*** Material supplied Section Begins ***

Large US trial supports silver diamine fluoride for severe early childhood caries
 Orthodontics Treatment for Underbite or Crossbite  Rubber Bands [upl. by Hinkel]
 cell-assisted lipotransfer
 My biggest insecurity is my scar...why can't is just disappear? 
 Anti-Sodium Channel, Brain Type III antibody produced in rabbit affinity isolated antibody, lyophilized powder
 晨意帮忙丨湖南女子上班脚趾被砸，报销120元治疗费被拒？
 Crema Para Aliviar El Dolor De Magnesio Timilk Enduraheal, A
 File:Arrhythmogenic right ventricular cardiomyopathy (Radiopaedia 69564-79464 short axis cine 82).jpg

*** Material supplied Section Ends ***

## Work request
Write the listing out again so that nothing in it differs from the original.

## Answer box
Large US trial supports silver diamine fluoride for severe early childhood caries
 Orthodontics Treatment for Underbite or Crossbite  Rubber Bands [upl. by Hinkel]
 cell-assisted lipotransfer
 My biggest insecurity is my scar...why can't is just disappear? 
 Anti-Sodium Channel, Brain Type III antibody produced in rabbit affinity isolated antibody, lyophilized powder
 晨意帮忙丨湖南女子上班脚趾被砸，报销120元治疗费被拒？
 Crema Para Aliviar El Dolor De Magnesio Timilk Enduraheal, A
 File:Arrhythmogenic right ventricular cardiomyopathy (Radiopaedia 69564-79464 short axis cine 82).jpg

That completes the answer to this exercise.